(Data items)
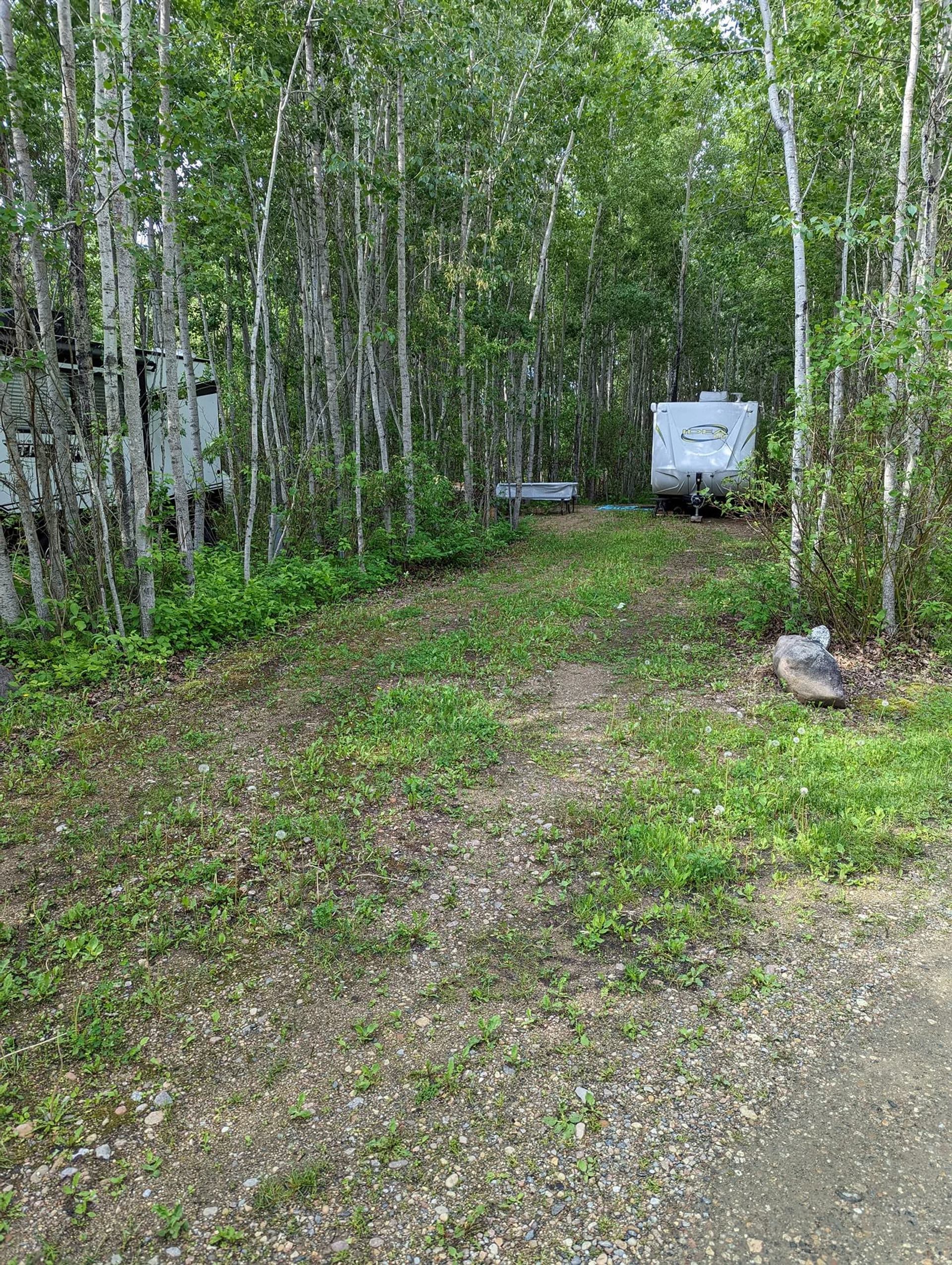 Gravel campsite with travel trailer parked among tall slender trees and green undergrowth.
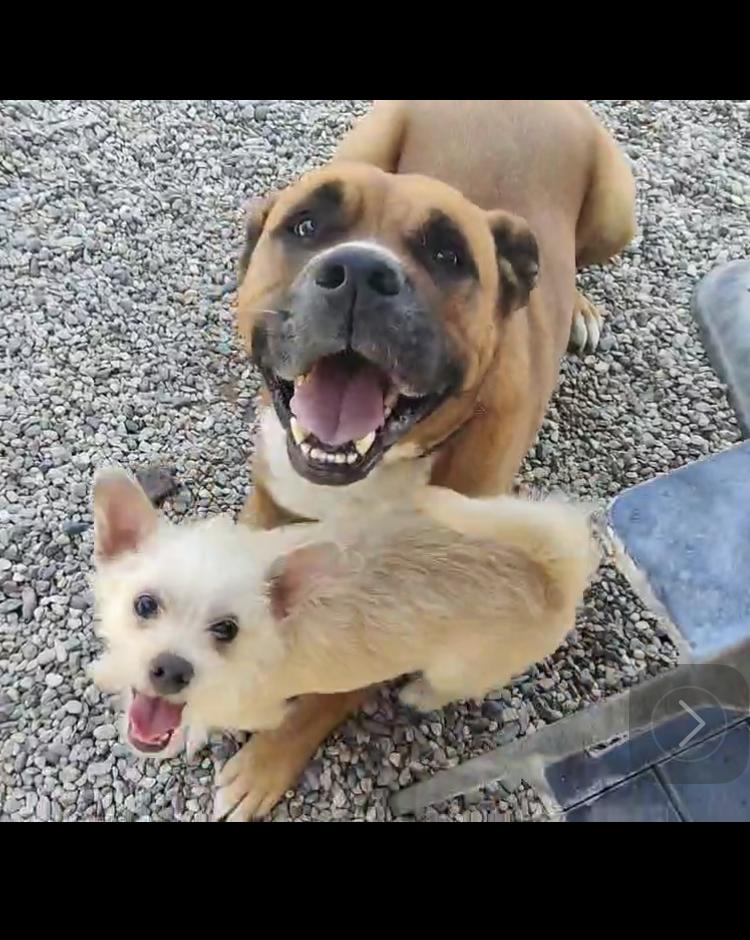 UKI, a Adoptable mixed breed in Pasadena, CA image 4/6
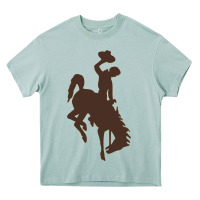 Arona wyoming athletics Heavy Core Tee - linhVisuals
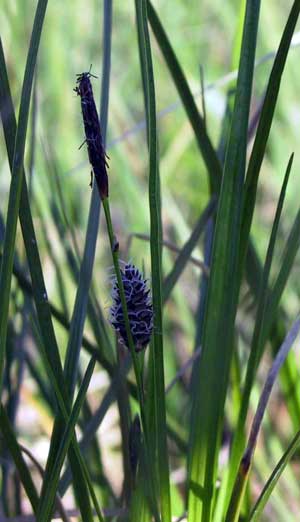 Carex bigelowii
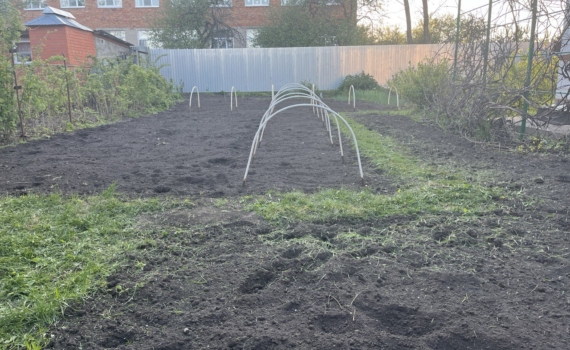 Ваш участок могут забрать: что нельзя игнорировать дачникам в новом сезоне — виноват один сорняк Ваш участок могут забрать: что нельзя игнорировать дачникам в новом сезоне — виноват один сорняк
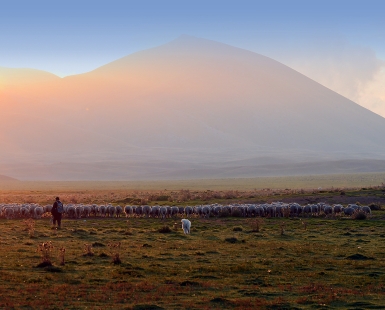 New day is born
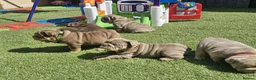 English Bulldog dogs for sale: English bulldog  - Advert 4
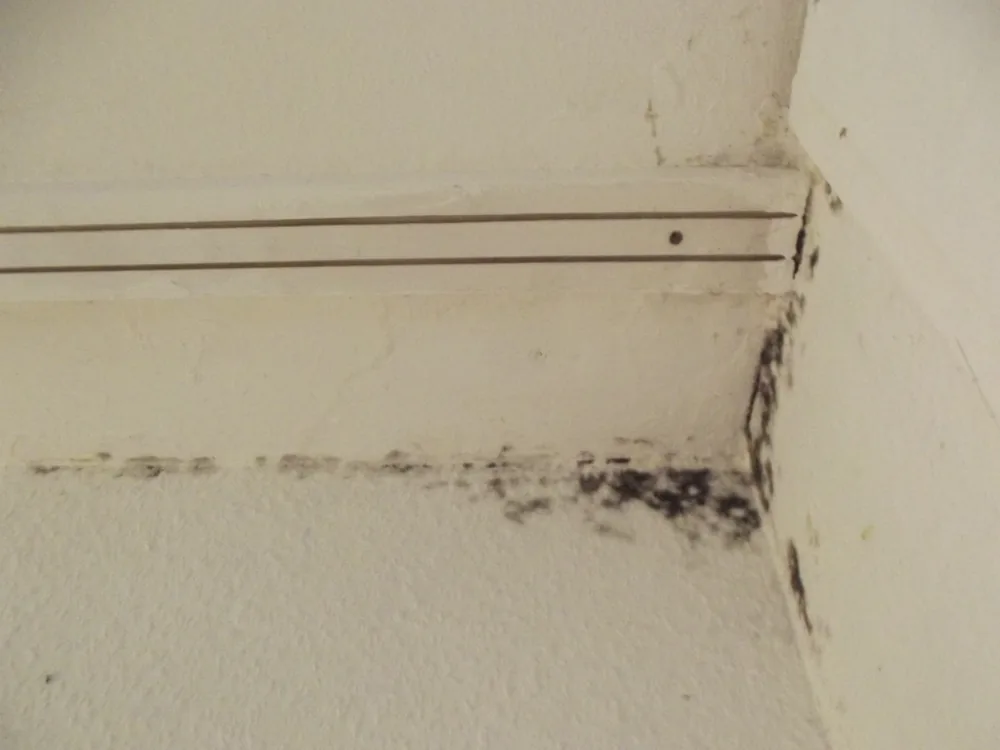 Technician in protective gear removing a mold-damaged wall in an East Taunton home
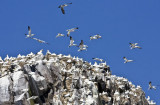 gannet colony 2.jpg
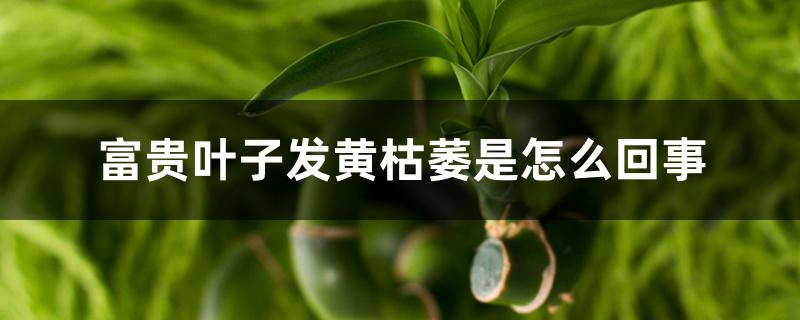 富贵竹叶子发黄枯萎是怎么回事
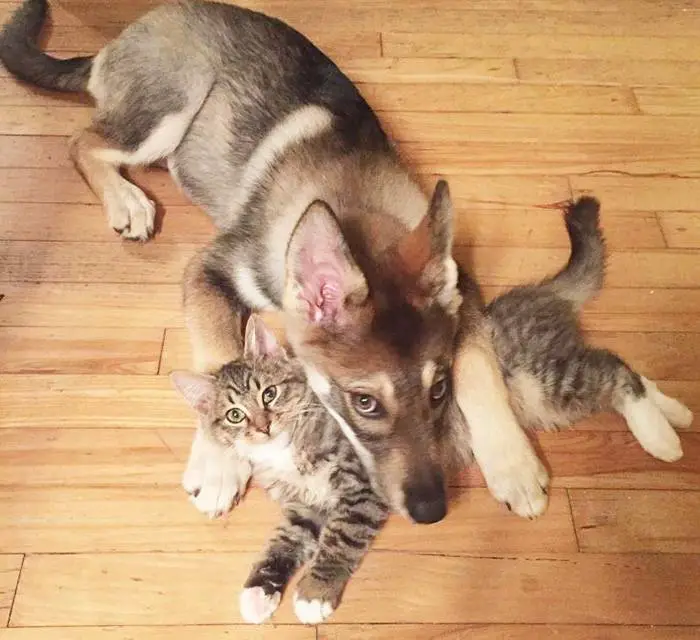 cachorro-escolhe-um-gatinho-para-adotar-no-abrigo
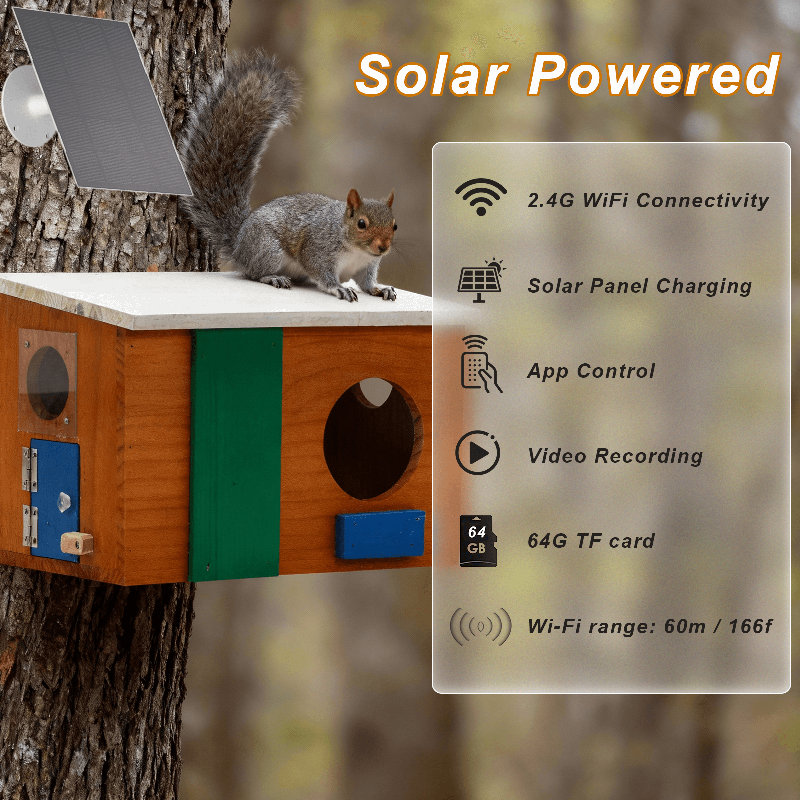 Smart Squirrel House with Caméra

▸ **WORK TO COMPLETE**: Every line from the one with "cachorro-escolhe-um-gatinho-para-adotar-no-abrigo" through the end of the records is to be reproduced exactly, and the pictures are to be left out.

▸ **SOLUTION TO THE PROBLEM**:
 cachorro-escolhe-um-gatinho-para-adotar-no-abrigo
 Smart Squirrel House with Caméra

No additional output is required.